Corey Feldman a.k.a. Mouth tinha a mesma idade quando interpretou o seu Goonie. Chegou nessa altura a ter uma carreira em filmes que a malta se fartava de consumir nos video-clubes, como o Sexta-Feira 13, partes 4 e 5, Gremlins e The Lost Boys, com uma incursão pelo Stand By Me, que apesar de ser um filme com putos, não era propriamente um sucesso de alugueres. A partir daí a sua voz terá mudado e a dita carreira entrou em declínio cada vez mais acentuado, chegando a fazer de uma das Tartarugas Ninja nos episódios 1 e 3 (no 2 aparentemente não, talvez se tenha assustado com a perspectiva de contracenar com o mítico Vanilla Ice), passando os últimos 15 anos a interpretar papéis progressivamente piores em filmes inacreditáveis como Citizen Toxie: The Toxic Avenger IV, Bikini Bandits ou Puppet Master vs Demonic Toys. Actualmente, pelo aspecto na fotografia, parece recorrer à prostituição como modo de vida.

Jeff Cohen, o Chunk, terá tido nos Goonies a sua primeira e única incursão no cinema, conseguindo ainda trabalhar na televisão até 1988 e, depois, uma derradeira vez em 1991. Tendo em conta o odioso personagem que interpretou, chato como a potassa, sempre a lamuriar-se e com uma vozinha irritante, não é de todo de admirar. Parece que ganha a vida a revisitar o seu único papel relevante e é também "advogado de entretenimento", seja lá o que isso fôr, mas pelos vistos não dá guito suficiente.

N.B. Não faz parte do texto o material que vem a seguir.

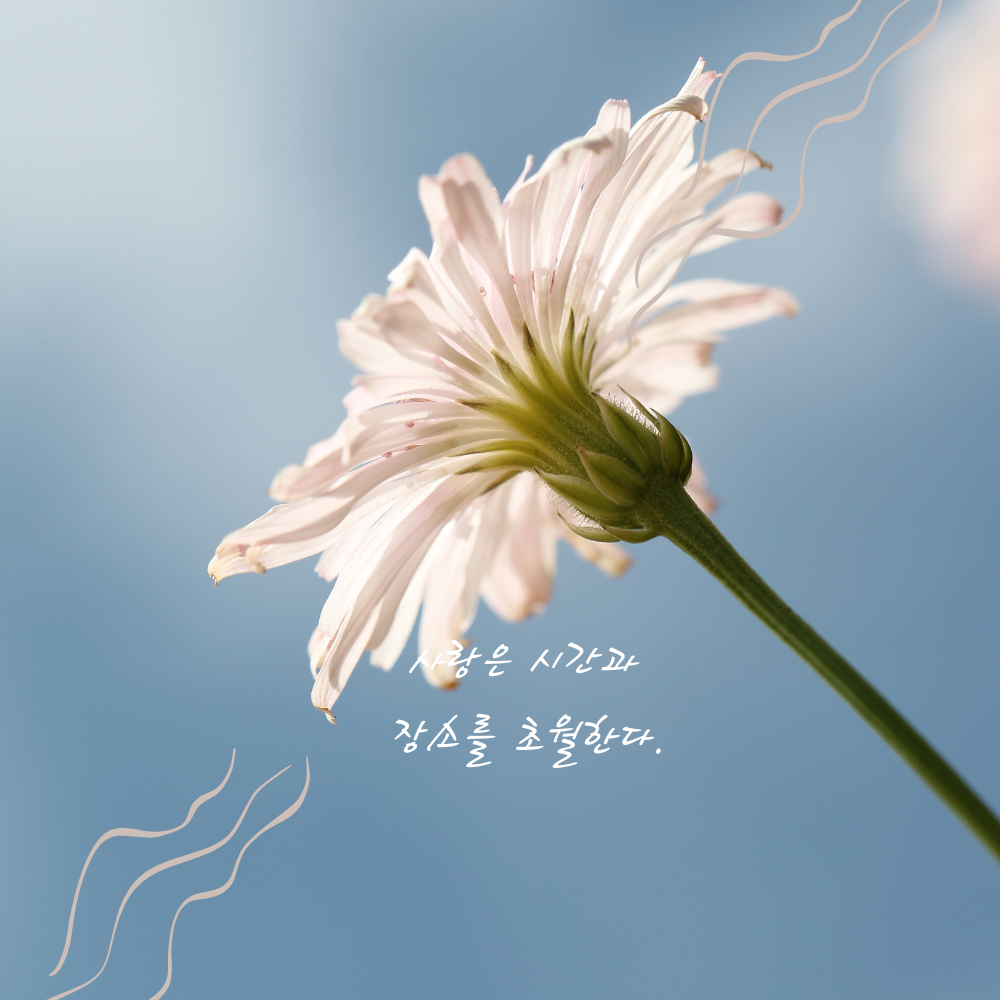 짧고 좋은 사랑 글귀 좋은글 문구 이미지 모음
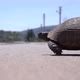  A turtle is walking on street. - VideoHive Item for Sale
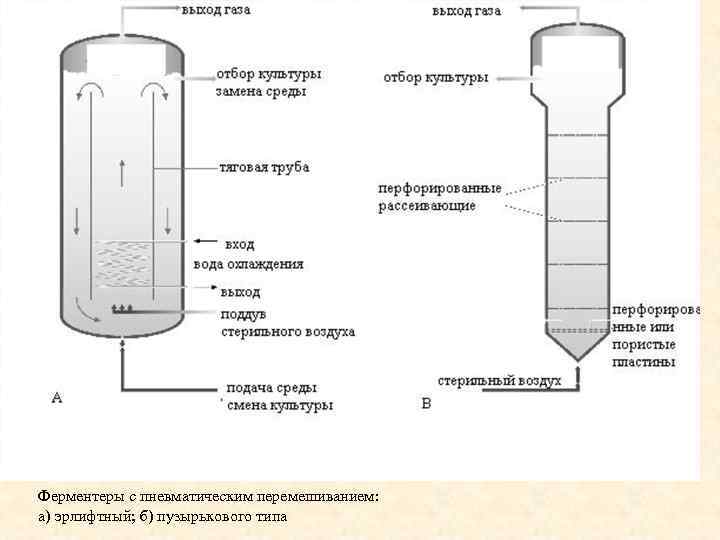 Ферментеры с пневматическим перемешиванием: а) эрлифтный; б) пузырькового типа 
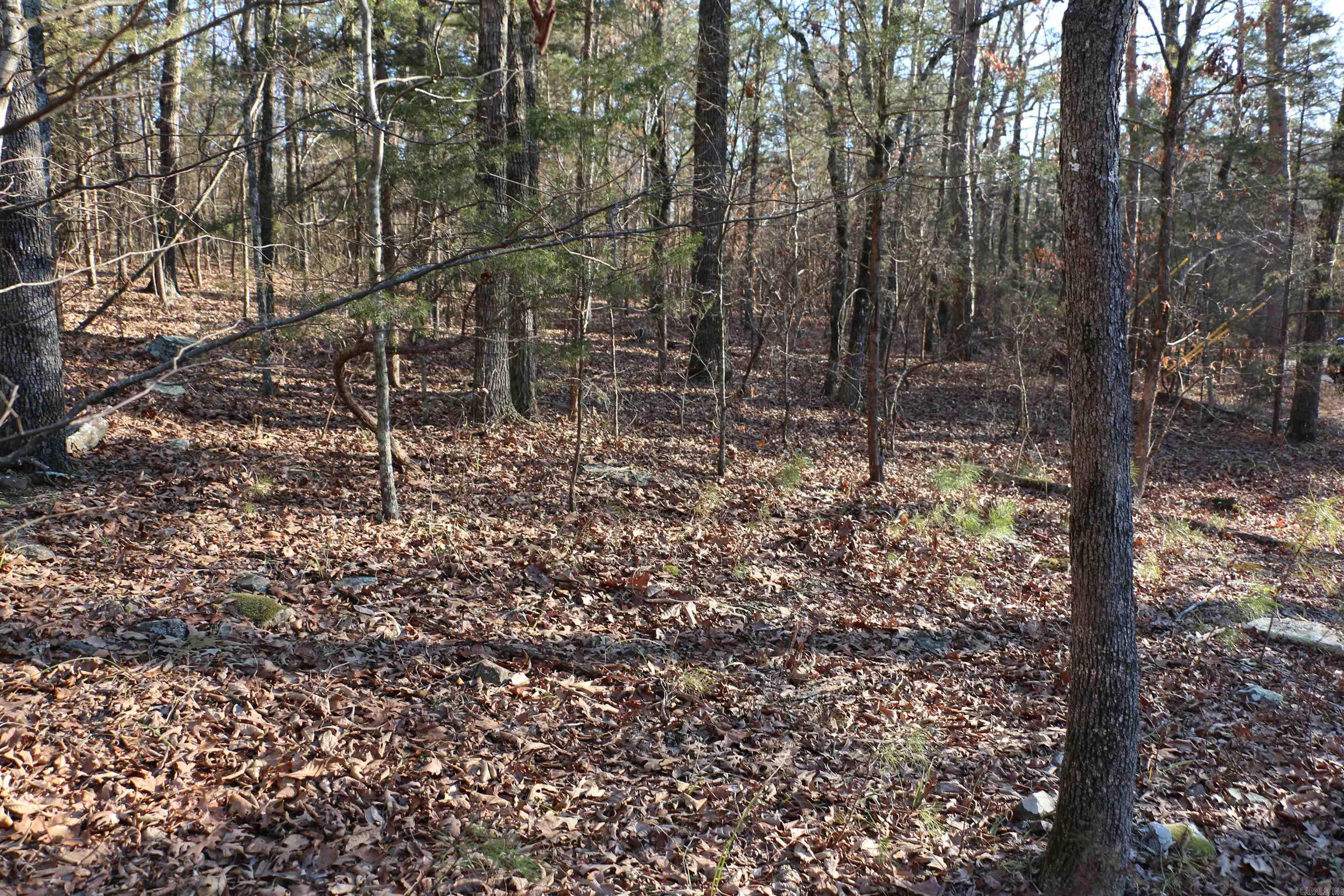 Lot 86 Lynn Creek Drive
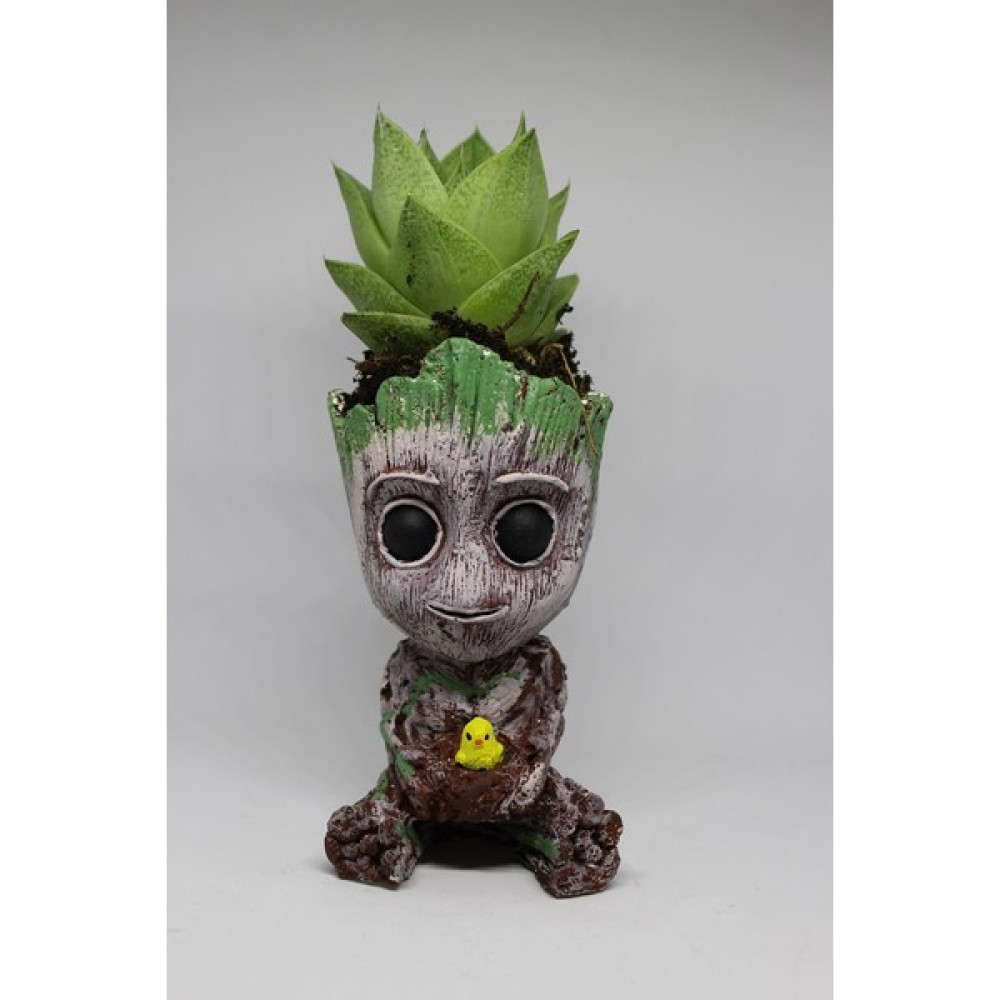 Cactus Garden Groot Civciv Figürlü 3D Dekoratif Saksı + Canlı Sukulent Bitkili - Kahverengi Saksı ve Aksesuarları Fiyatı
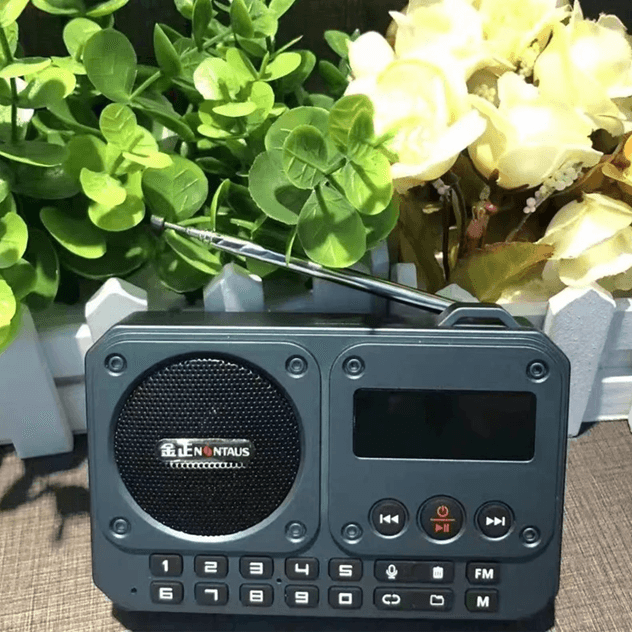 Mini Portable FM Radio with Bluetooth Speaker and TF Card Playback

Por fim, Jonathan Ke Quan, o puto oriental Data, fanático por tecnologia, vinha de um grande sucesso como puto oriental no Indiana Jones e o Templo Perdido, e chegou a fazer de puto oriental em literalmente meia dúzia de séries televisivas antes de arrumar as botas e se dedicar ao ensino de artes marciais (a sério) e a trabalhar como duplo e coordenador de duplos em filmes de acção. Tem também cara de informático. Dificilmente a sua vida poderia ser um maior estereótipo.

* Já lá irei, se tudo correr bem. Amanhã tenho que fazer dois turnos no trabalho.